- Born: Harold Leland Goodwin November 20, 1914
- Died: February 18, 1990 (aged 75)
- Occupation: Writer
- Children: 3
- Writing career
- Pen name: Harold L. Goodwin Hal Goodwin Harold Leland Goodwin Blake Savage John Blaine
- Genre: Science fiction

= Harold L. Goodwin =

American novelist (1914–1990)

Harold Leland Goodwin (November 20, 1914 – February 18, 1990) was an American writer.

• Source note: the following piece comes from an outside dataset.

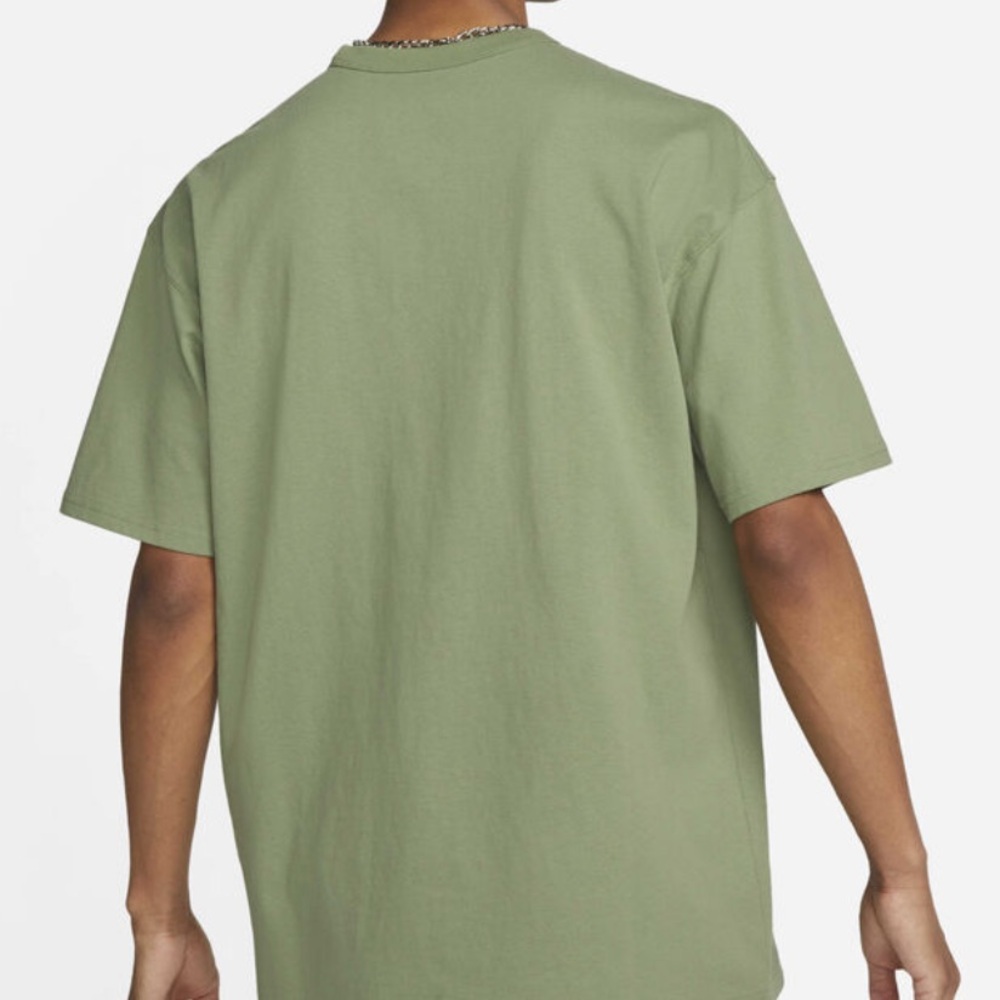 Nike Sportswear Premium Essentials T-Shirt – Men’s - Picture 2 of 5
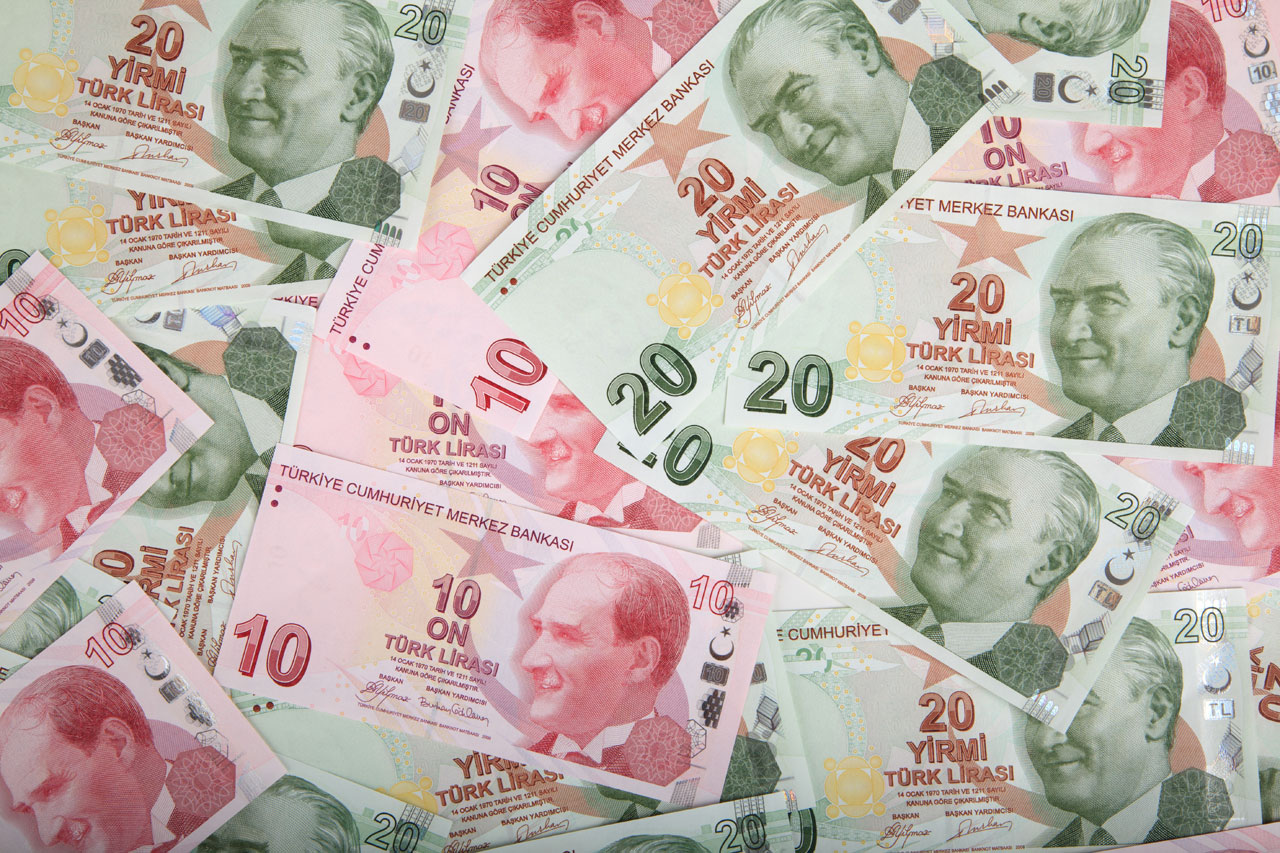 Турската централна банка шокира пазарите в четвъртък с намаляване на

==Biography and writing career==
Known to his friends as Hal Goodwin, Goodwin wrote popular science books, mostly about space exploration, as Harold L. Goodwin, "Hal Goodwin" and "Harold Leland Goodwin". He also wrote children's books as Blake Savage (Rip Foster Rides the Gray Planet) and John Blaine (the Rick Brant series). In the latter case, he co-wrote (with Peter J. Harkins) the first three books in the series and wrote books 4 through 24 by himself.

In 1947, he wrote The Feathered Cape, a boy's adventure novel set in Hawaii. It was based on events leading up to the Battle of the Nu'uanu Valley (1795) in the war for Hawaiian unification.

He had three sons from two different marriages; Alan, Chris and Derek. He died from cardiac arrest.